Extracted records:
=== Begin Enclosure ===
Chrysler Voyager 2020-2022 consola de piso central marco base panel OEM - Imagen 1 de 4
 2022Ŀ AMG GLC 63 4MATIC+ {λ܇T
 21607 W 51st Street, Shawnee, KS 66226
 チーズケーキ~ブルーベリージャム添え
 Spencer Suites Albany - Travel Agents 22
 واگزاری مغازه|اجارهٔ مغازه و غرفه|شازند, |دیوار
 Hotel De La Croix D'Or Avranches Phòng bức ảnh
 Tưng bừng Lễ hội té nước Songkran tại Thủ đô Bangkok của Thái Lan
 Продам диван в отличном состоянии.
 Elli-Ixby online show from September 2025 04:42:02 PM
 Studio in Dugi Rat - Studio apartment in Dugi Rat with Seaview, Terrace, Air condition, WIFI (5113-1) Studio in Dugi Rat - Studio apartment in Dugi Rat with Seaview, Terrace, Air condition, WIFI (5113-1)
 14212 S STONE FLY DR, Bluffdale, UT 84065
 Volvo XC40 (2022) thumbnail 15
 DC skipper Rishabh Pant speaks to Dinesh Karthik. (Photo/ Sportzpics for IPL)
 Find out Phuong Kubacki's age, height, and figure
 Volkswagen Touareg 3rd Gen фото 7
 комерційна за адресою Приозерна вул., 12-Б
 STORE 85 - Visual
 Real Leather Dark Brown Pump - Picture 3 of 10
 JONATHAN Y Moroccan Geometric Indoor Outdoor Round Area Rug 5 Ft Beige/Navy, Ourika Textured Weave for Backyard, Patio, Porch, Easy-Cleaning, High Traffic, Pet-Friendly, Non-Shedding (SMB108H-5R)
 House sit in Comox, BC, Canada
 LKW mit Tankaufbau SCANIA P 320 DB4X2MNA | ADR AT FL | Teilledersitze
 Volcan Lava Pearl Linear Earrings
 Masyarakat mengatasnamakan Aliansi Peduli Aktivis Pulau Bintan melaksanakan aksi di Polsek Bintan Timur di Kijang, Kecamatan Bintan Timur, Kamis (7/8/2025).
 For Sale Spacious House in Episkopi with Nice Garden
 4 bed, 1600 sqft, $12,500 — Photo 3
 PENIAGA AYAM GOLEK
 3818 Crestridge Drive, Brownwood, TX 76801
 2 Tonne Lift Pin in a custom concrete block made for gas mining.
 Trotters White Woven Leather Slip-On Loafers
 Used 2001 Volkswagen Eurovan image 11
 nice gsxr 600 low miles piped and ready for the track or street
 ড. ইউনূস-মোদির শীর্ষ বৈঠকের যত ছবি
=== End Enclosure ===
**TO DO:**
Repeat, without change, each line of the data above from the one that contains "Used 2001 Volkswagen Eurovan image 11" through the final line, counting both.

**EXPECTED ANSWER:**
 Used 2001 Volkswagen Eurovan image 11
 nice gsxr 600 low miles piped and ready for the track or street
 ড. ইউনূস-মোদির শীর্ষ বৈঠকের যত ছবি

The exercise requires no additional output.